To seek a shared vision between families and clinicians regarding key aspects of health as outcomes, beyond mortality and morbidity, for children and young people with neurodisability. To appraise the appropriateness and measurement properties of multidimensional patient reported outcome measures (PROMs) to assess the outcome domains.

Methods

Relevant outcomes were identified from (i) qualitative research with children and young people with neurodisability and parent carers, (ii) Delphi survey with health professionals, and (iii) systematic review of PROMs.

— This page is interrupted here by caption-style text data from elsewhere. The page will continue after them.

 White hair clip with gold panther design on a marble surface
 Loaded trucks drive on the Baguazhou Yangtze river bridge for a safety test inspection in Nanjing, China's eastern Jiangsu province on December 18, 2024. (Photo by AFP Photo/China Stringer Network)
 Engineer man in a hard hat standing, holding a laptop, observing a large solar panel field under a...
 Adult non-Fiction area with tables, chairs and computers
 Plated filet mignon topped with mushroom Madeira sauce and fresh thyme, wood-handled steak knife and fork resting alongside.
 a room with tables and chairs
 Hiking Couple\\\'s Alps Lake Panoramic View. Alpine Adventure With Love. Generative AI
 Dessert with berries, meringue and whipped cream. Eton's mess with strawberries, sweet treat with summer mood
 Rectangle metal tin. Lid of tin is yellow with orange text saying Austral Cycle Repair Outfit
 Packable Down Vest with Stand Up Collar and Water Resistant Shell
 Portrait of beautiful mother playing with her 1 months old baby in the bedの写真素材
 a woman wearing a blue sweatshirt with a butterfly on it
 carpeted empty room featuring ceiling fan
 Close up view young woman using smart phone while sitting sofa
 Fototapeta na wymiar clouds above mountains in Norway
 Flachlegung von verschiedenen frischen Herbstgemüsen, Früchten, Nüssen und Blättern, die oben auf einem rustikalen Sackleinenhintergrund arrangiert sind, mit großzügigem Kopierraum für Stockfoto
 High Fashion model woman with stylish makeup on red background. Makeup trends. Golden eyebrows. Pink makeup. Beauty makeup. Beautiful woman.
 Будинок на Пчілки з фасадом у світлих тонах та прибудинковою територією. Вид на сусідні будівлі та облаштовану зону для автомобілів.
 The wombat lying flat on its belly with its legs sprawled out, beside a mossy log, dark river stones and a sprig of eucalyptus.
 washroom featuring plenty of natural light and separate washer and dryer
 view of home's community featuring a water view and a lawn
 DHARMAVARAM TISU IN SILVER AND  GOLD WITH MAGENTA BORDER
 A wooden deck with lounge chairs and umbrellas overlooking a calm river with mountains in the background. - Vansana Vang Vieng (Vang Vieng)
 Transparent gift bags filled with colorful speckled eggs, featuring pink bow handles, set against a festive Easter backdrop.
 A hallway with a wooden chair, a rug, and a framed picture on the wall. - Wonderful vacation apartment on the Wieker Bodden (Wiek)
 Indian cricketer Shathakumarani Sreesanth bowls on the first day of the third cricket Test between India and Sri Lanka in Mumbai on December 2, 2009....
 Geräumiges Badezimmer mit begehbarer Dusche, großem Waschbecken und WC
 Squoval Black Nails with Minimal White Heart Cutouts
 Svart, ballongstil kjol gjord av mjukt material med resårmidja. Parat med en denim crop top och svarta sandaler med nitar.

The International Classification of Functioning Disability and Health provided a common language to code aspects of health. A stakeholder group participated in a prioritisation Q-sort task. Participants 54 children and young people with neurodisability and 53 parent carers participated in either focus groups or interviews; 262 multidisciplinary health professionals took part in one or more rounds of a Delphi survey. 15 stakeholders participated in a consensus meeting: 3 young people, 5 parent carers, and 7 multidisciplinary health professionals.

Results

The qualitative study and Delphi survey suggested a range of aspects of health that are important to service users and targeted by health professionals. There was partial but not complete overlap. Key outcome areas prioritised were: communication, emotional wellbeing, pain, sleep, mobility, self-care, independence, mental health, social activities; behaviour, toileting, and safety were also important to many parents. No single multidimensional PROM was identified that captured all the key aspects of health. Evidence was lacking of one or more measurement properties for all candidate PROMs in children and young people with neurodisability, and especially for preference-based measures.

Conclusions

This research proposes a core suite of outcome domains for children and young people with neurodisability that can be used to assess health services routinely and in trials. Further work is required to produce a single PROM to measure these outcomes efficiently across neurodisability.

Acknowledgements

This study was part of research funded by the National Institute for Health Research (NIHR) Health Services and Delivery Research programme (Project 10/2002/16). The views and opinions expressed are those of the authors and not necessarily those of the NHS, the NIHR or the Department of Health.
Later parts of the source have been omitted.